Professional musicians understand the importance of a good quality microphone in order to make a great recording. If you’re new in the world of recording, picking the right microphone can be a little intimidating. If you’re experienced however, you probably know that certain microphones work better with particular instruments. Do you need a dynamic or a condenser cable mic? What is there to know about polar patterns and diaphragm sizes? Let’s take a look at the things you should consider when looking to buy a new microphone.


Types of Microphones

  • Dynamic Microphones – The audio signals are generated by the motion of the conductor within a magnetic field, a very thin, lightweight diaphragm moves as a response to sound pressure. These microphones are less sensitive than condenser microphones, are more durable and less expensive.
  • Condenser Microphones – These microphones are more responsive to speed and sound wave nuances than dynamic ones.
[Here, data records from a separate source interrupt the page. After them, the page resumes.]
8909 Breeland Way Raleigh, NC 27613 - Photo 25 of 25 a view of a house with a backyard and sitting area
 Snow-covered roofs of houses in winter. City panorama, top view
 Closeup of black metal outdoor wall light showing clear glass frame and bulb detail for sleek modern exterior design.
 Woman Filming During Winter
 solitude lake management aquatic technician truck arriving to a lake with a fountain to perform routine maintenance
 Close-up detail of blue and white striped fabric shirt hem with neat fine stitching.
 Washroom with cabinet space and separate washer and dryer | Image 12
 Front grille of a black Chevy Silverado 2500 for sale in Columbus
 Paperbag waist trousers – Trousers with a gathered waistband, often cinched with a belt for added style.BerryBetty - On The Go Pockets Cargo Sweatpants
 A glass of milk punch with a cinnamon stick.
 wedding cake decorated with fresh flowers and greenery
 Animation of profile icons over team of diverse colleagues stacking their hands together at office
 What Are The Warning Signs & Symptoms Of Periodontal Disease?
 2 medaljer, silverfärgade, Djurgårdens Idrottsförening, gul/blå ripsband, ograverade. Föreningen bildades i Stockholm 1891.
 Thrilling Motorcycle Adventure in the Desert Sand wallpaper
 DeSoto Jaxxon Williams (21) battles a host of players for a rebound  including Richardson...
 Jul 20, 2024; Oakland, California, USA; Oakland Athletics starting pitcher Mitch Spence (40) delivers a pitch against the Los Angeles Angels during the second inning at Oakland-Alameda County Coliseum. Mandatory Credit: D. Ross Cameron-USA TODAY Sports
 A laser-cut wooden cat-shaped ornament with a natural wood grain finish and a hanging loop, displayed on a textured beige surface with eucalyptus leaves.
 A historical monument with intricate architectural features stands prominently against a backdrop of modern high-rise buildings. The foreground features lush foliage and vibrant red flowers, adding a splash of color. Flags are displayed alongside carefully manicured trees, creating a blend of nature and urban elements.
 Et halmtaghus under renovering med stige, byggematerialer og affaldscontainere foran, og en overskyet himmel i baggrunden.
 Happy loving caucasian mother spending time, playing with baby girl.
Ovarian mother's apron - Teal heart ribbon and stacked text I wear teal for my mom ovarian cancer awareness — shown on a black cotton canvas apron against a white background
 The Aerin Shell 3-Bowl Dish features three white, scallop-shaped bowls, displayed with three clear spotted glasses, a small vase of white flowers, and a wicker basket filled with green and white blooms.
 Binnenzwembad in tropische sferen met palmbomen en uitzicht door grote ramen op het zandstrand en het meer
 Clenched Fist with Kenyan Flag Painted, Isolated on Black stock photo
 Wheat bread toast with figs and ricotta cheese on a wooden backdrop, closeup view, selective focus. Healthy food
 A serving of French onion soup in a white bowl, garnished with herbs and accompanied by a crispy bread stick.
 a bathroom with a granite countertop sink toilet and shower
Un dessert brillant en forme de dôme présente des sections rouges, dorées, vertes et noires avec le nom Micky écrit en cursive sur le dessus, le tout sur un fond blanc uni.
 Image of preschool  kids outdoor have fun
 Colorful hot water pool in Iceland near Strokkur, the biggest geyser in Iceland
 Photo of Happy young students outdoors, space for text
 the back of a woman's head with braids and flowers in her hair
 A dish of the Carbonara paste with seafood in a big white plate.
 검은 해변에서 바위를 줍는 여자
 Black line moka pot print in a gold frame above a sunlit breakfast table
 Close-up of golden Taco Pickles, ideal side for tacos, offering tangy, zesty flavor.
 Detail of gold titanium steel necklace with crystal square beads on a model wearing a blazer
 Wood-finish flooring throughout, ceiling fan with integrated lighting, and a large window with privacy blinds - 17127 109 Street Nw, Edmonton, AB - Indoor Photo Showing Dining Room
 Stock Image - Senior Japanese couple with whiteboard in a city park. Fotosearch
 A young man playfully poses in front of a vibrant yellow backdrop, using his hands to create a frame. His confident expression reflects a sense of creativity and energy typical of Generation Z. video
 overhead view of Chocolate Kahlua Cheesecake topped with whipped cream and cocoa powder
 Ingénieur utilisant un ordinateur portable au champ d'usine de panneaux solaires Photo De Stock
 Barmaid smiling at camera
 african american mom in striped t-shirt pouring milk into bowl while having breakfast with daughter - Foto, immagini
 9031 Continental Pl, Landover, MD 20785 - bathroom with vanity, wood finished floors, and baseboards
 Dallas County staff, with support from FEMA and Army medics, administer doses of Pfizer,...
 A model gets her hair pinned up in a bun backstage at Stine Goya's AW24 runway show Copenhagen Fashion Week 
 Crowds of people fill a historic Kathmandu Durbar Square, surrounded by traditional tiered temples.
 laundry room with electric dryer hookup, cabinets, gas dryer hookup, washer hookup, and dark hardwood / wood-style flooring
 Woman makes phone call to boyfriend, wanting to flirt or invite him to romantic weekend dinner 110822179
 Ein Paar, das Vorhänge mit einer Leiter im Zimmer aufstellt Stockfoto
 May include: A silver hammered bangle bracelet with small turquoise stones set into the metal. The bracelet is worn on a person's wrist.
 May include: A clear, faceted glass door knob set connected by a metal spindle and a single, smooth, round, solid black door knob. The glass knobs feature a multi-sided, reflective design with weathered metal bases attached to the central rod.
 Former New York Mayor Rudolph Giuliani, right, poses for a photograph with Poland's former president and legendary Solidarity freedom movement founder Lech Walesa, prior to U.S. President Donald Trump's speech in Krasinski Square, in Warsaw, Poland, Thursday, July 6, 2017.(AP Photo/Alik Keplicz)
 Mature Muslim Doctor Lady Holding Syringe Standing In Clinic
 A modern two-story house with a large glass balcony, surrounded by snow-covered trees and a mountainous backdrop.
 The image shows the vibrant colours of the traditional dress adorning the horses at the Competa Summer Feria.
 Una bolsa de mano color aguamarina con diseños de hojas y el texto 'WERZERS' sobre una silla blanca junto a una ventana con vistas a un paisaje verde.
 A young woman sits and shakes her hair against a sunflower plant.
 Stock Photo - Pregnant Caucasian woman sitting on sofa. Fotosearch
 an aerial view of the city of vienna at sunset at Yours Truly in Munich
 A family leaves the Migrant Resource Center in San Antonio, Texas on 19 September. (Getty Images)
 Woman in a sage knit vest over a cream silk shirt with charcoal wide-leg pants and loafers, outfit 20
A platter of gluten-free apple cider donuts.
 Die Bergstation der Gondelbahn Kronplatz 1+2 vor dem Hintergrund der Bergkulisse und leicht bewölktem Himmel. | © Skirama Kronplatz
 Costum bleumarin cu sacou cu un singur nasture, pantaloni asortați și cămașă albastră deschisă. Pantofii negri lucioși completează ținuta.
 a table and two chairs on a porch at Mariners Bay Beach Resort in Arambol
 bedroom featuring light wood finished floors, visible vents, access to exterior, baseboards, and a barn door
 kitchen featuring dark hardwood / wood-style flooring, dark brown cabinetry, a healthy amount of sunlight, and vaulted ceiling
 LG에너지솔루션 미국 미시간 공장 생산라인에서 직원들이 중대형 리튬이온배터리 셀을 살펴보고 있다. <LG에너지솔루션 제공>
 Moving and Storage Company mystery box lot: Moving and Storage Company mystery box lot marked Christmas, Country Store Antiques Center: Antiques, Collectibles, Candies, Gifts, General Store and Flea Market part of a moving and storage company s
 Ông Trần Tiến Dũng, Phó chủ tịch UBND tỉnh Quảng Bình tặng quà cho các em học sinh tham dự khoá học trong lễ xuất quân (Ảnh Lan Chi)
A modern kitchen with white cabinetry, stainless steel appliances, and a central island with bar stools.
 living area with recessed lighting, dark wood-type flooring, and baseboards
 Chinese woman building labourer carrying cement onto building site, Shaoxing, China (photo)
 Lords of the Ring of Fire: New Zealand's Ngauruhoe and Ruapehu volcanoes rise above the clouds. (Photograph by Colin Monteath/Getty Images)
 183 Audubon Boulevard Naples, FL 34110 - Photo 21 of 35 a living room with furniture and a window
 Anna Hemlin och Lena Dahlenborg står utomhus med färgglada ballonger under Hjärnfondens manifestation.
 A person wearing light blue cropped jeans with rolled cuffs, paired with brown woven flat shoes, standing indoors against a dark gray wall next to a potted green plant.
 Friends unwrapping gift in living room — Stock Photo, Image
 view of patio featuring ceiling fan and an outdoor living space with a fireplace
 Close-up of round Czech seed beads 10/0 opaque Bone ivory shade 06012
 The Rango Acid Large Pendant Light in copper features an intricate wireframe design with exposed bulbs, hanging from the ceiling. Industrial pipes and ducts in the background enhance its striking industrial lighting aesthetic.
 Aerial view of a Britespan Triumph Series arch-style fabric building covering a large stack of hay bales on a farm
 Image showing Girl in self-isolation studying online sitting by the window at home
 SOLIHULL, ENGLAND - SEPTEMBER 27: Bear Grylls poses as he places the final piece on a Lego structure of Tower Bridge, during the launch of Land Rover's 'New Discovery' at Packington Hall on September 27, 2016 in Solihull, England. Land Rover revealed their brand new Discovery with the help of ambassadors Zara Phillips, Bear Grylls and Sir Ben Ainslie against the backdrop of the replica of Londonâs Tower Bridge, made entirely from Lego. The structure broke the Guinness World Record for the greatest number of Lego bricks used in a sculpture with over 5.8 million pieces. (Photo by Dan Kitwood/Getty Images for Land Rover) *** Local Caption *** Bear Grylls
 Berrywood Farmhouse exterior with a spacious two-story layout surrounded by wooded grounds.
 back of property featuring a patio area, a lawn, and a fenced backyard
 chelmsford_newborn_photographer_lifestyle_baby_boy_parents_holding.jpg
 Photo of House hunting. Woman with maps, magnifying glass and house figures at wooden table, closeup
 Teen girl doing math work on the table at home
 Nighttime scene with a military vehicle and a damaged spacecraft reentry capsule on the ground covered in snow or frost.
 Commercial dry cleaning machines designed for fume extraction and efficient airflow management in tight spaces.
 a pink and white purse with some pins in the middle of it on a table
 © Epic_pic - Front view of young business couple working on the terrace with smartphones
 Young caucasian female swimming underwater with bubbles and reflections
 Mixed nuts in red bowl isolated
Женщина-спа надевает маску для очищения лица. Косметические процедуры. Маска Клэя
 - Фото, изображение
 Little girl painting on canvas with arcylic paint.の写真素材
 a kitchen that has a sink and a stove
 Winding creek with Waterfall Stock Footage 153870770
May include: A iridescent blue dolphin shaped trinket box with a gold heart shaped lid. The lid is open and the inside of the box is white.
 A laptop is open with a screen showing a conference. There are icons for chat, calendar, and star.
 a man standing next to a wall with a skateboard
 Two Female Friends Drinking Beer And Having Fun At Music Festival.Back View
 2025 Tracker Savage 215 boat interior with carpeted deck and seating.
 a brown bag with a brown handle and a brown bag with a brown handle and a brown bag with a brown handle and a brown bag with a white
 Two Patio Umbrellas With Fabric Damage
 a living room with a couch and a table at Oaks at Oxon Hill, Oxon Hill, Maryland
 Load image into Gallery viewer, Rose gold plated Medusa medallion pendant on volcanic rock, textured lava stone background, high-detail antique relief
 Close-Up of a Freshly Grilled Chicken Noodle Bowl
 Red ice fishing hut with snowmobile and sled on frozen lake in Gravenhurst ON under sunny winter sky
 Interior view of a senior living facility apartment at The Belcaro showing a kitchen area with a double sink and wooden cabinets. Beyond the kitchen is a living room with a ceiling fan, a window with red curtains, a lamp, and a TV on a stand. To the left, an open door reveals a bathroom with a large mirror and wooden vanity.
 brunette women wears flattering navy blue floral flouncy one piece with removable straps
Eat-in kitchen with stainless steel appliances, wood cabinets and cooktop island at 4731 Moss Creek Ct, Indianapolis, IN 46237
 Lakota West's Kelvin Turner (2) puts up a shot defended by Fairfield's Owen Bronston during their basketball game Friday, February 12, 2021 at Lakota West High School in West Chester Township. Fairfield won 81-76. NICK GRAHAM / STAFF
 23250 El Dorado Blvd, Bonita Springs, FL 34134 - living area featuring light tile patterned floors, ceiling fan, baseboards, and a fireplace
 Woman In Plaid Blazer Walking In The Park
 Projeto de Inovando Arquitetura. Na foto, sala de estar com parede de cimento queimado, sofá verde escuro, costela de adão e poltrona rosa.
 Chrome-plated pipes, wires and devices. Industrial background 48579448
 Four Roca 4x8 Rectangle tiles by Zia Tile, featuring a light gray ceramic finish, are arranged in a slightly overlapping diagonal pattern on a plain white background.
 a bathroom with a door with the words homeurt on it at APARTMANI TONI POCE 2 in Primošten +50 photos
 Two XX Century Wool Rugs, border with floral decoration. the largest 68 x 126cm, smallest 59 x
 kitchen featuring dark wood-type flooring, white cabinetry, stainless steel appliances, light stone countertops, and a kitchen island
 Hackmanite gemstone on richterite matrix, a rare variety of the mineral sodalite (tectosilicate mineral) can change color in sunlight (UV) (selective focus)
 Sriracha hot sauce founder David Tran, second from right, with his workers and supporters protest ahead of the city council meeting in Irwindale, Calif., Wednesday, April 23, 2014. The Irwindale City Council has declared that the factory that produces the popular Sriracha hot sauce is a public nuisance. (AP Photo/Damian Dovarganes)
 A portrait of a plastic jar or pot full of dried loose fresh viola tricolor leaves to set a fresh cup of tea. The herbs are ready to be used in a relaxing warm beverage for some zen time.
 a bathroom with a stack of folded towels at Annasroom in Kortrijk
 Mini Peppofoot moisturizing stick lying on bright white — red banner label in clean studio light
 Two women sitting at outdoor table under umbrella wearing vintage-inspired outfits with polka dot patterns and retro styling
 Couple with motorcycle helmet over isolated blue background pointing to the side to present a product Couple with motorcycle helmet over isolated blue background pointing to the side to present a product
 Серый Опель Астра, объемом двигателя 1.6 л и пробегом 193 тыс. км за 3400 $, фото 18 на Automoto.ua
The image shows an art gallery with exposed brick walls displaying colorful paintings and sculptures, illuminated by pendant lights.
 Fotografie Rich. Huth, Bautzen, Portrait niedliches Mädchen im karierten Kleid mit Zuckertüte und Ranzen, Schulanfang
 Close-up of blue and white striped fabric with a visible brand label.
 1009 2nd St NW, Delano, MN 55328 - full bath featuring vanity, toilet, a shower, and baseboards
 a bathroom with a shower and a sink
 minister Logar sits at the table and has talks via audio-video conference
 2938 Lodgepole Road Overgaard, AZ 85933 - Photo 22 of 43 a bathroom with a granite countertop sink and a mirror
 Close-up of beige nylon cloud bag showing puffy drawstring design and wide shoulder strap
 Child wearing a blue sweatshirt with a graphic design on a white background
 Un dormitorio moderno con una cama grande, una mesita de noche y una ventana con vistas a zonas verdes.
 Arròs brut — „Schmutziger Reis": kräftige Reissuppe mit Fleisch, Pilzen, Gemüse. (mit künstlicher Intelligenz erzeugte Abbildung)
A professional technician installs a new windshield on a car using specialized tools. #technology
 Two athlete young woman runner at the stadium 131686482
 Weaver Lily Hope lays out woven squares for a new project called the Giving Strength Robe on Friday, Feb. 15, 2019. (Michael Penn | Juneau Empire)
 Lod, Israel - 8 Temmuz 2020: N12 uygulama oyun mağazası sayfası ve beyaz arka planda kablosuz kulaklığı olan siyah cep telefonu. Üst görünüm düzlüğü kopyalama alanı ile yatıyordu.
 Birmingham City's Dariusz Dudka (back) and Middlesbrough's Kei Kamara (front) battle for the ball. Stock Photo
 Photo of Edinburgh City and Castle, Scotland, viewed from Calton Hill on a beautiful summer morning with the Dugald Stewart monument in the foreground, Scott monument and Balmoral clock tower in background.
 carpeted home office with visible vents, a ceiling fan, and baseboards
Their simple mechanical system consists of a stretched, thin conductive diaphragm placed near a metal disk. This setup creates a capacitor which has the electrical charge provided by an outside source – battery, power supply or your mixer. They come in a variety of sizes and shapes.

Features to Look for in a Microphone Cable

  • Durability – If you intend to move the microphone around a lot, you will need a durable cable mic. Otherwise, you’d need to buy a new cable often which will negatively affect your budget. The shield is the main thing that will protect your microphone cable – it isn’t visible, and it wraps around the insulator. It’s designed to protect the wires from interference.
  • Length – For live performances, it’s useful to have a longer cable to be able to move around freely on the stage. However, it can also cause mishaps if it gets tangled in your feet. Most cables have male XLR connectors on one end, and a female XLR connector on the other end, which means you can connect multiple smaller cables.
  • Flexibility – If a cable mic is flexible, it also means it’s probably durable. Cable flexibility means it won’t rip and tear easily.

Microphone Polar Patterns

  • Cardioid – These microphones posses the quality to hear what’s in front of them and reject side and rear sounds. This makes them useful in multiple microphone situations as well as in cases when you want to avoid room noises.
  • Omnidirectional – These are excellent microphones to capture room sounds with whatever you are recording. Every microphone is “born” omnidirectional and then is modified to create different patterns.
  • Figure 8 – These microphones are sensitive to sounds picked from the back and the front of the microphone. They are also known as bi-directional.

Diaphragm Size

There are two basic types of diaphragm sizes – large and small, and one that is a hybrid of the aforementioned two – medium. Large diaphragm microphones are used to record pretty much anything, they are considered the most versatile microphones in a studio. Small diaphragm microphones are ultra-responsive due to their smaller and lighter diaphragms. They are your go-to choice for acoustic guitar, harp or any similar instrument with extended overtones and sharp transient, and are favourited by many as drum overheads.


Microphones can be applied for a large variety of instruments as every instrument creates a better sound recording when combined with a specific microphone. Cardioid dynamic ones go best with drums, cardioid small diaphragm for the hi-hats, and large or small diaphragms for the overheads. Electric guitars go amazingly well with a dynamic microphone, while acoustic guitars work wonders with small-diaphragm cardioid condenser microphones.

There’s much more tricks and tips to be learned and taught for properly using microphones to their full potential, but we’ve said enough to cover up the basics and to give you a good idea of in which direction you should go if you’re looking to purchase a brand new microphone.